Rollout stores raw (pre-tanh) actions:
def __call__(self, state):
action_np, state_tensor, raw_action = self.actor_critic.act(
state, deterministic=False, return_internals=True
)
self.states.append(state_tensor)
self.actions.append(raw_action)
return action_np
8 environments in parallel:
def rollout(env, policy, num_steps=None, num_episodes=None):
states, _ = env.reset()
traj_rewards, traj_dones = [], []
ep_returns, ep_rets, step_count = [], np.zeros(env.num_envs), 0
while True:
states, rewards, terminated, truncated, _ = env.step(policy(states))
traj_rewards.append(rewards)
traj_dones.append(np.logical_or(terminated, truncated))
ep_rets += rewards
step_count += env.num_envs
if np.any(traj_dones[-1]):
for idx in np.where(traj_dones[-1])[0]:
ep_returns.append(ep_rets[idx])
ep_rets[idx] = 0.0
if (num_steps and step_count >= num_steps) or
(num_episodes and len(ep_returns) >= num_episodes):
break
return traj_rewards, traj_dones, ep_returns
100k steps per epoch. 20 update epochs, batch size 5000:
def update(self, rewards, dones):
with torch.no_grad():
rewards = torch.as_tensor(np.stack(rewards), dtype=torch.float32).to(device)
is_terms = torch.as_tensor(np.stack(dones), dtype=torch.float32).to(device)
old_states, old_actions = torch.cat(self.states), torch.cat(self.actions)
action_means, action_stds, old_state_values = self.actor_critic(old_states)
old_logprobs = tanh_log_prob(old_actions,
torch.distributions.Normal(action_means, action_stds))
old_state_values = old_state_values.squeeze(-1).view(-1, rewards.size(1))

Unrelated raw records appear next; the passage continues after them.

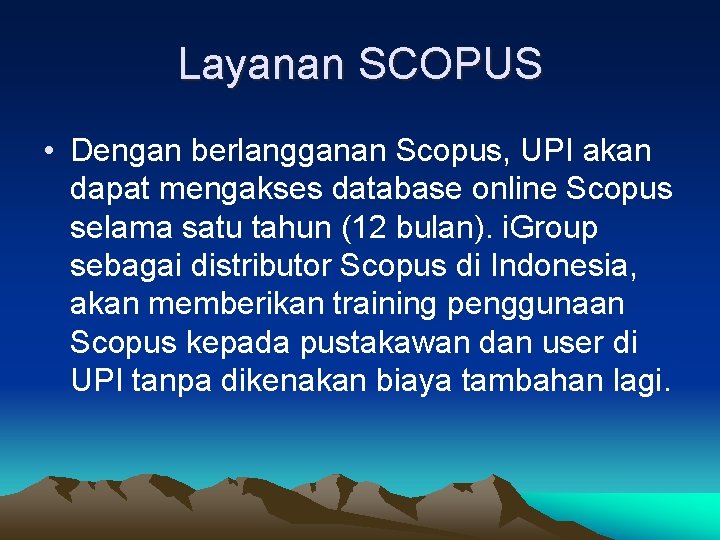 Layanan SCOPUS • Dengan berlangganan Scopus, UPI akan dapat mengakses database online Scopus selama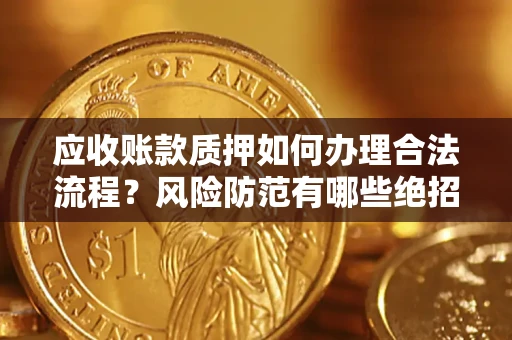 北京应收账款质押如何办理合法流程？风险防范有哪些绝招？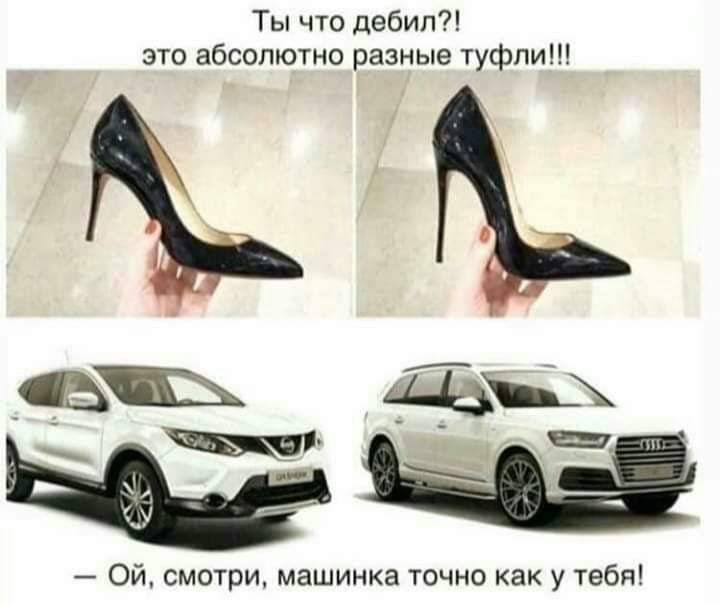Ты что дебил?! это абсолютно разные туфли!!!
— Ой, смотри, машинка точно как у тебя!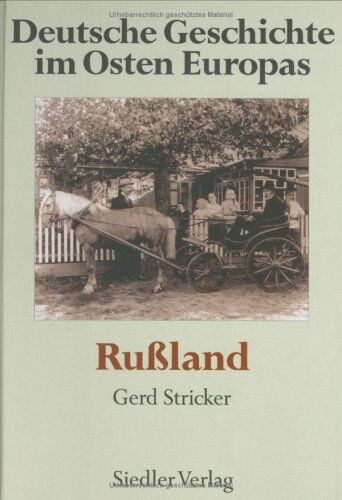 Werner Conze - Deutsche Geschichte im Osten Europas: Rußland - Preis vom 10.10.2026 11:48:34 h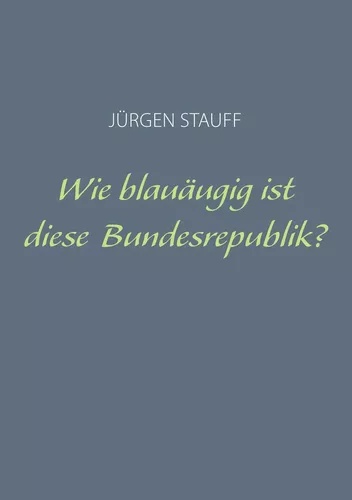 Wie blauäugig ist diese Bundesrepublik?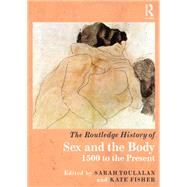 The Routledge History of Sex and the Body: 1500 to the Present by Toulalan; Sarah, 9780415472371
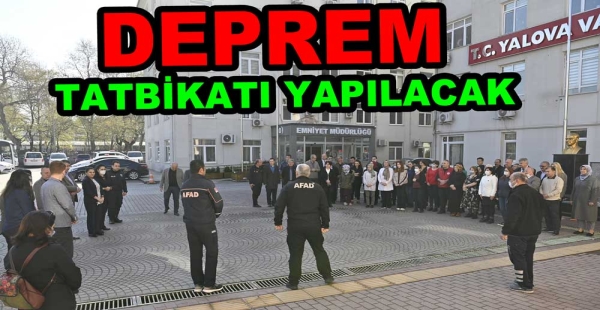 AFAD DEPREM TATBİKATI YAPACAK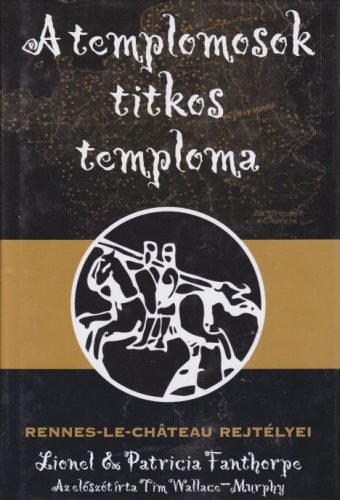 Lionel Fanthorpe , Patricia Fanthorpe - A templomosok titkos temploma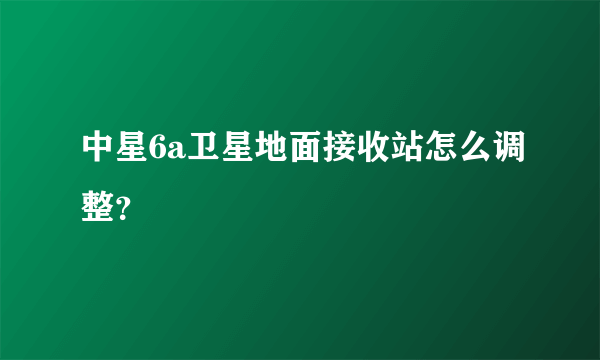 中星6a卫星地面接收站怎么调整？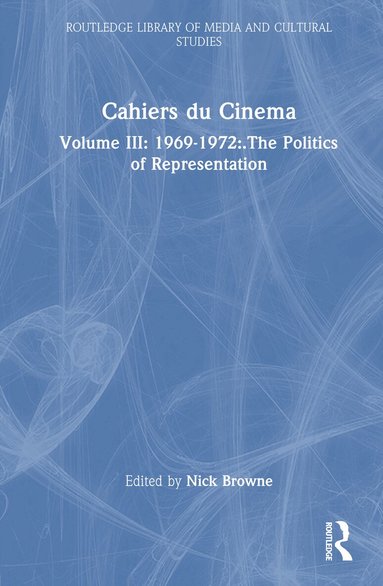 Nick Browne - Cahiers du Cinema, Inbunden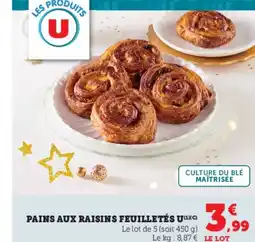 Hyper U Pains aux raisins feuilletés u offre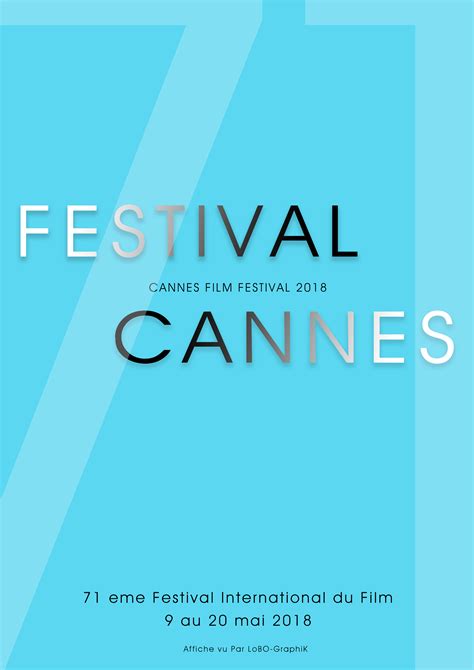 Les Affiches Du Festival De Cannes 2018 Lobo Graphik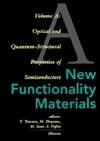 New Functionality Materials - A: Optical and Quantum Structural Properties of Semiconductors
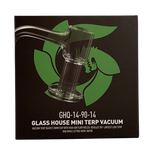 Glass House - Mini Terp Vacuum Quartz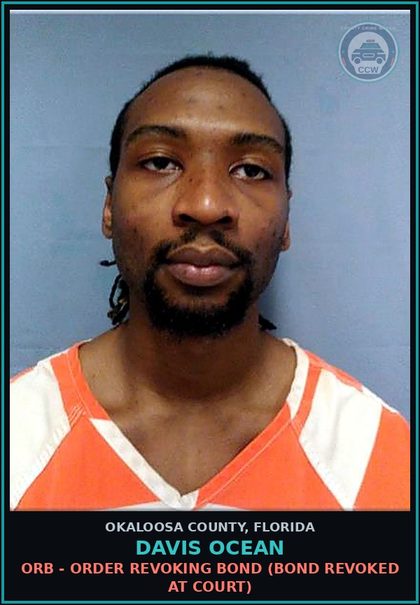 CCW arrest card for Davis Ocean in Okaloosa County: ORB - ORDER REVOKING BOND (BOND REVOKED AT COURT)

advantages, returns = self.compute_advantages(rewards, old_state_values, is_terms)
dataset = TensorDataset(old_states, old_actions, old_logprobs, advantages, returns)
for _ in range(self.K_epochs):
for batch in DataLoader(dataset, batch_size=self.batch_size, shuffle=True):
batch_states, batch_actions, batch_logprobs, batch_advantages, batch_returns = batch
self.pi_optimizer.zero_grad()
self.vf_optimizer.zero_grad()
loss = self.compute_loss(batch_states, batch_actions, batch_logprobs,
batch_advantages, batch_returns)
loss.backward()
torch.nn.utils.clip_grad_norm_(
list(self.actor_critic.actor.parameters()) + [self.actor_critic.log_std],
max_norm=0.5
)
torch.nn.utils.clip_grad_norm_(self.actor_critic.critic.parameters(), max_norm=0.5)
self.pi_optimizer.step()
self.vf_optimizer.step()
self.states, self.actions = [], []
Gradient clipping at 0.5.
Eval every 10 epochs:
def evaluate_policy(actor_critic, n=16, render=False, num_episodes=None):
env = make_env(1 if render else n, render)
def policy(s): return actor_critic.act(s, deterministic=True)
if render and num_episodes:
_, _, ep_rets = rollout(env, policy, num_episodes=num_episodes)
else:
_, _, ep_rets = rollout(env, policy, num_steps=max_timesteps * (1 if render else n))
env.close()
return float(np.mean(ep_rets)) if ep_rets else 0.0
Stops at 250 moving average. ~100 epochs.

One small step for the optimizer, one giant leap for the GPU bill.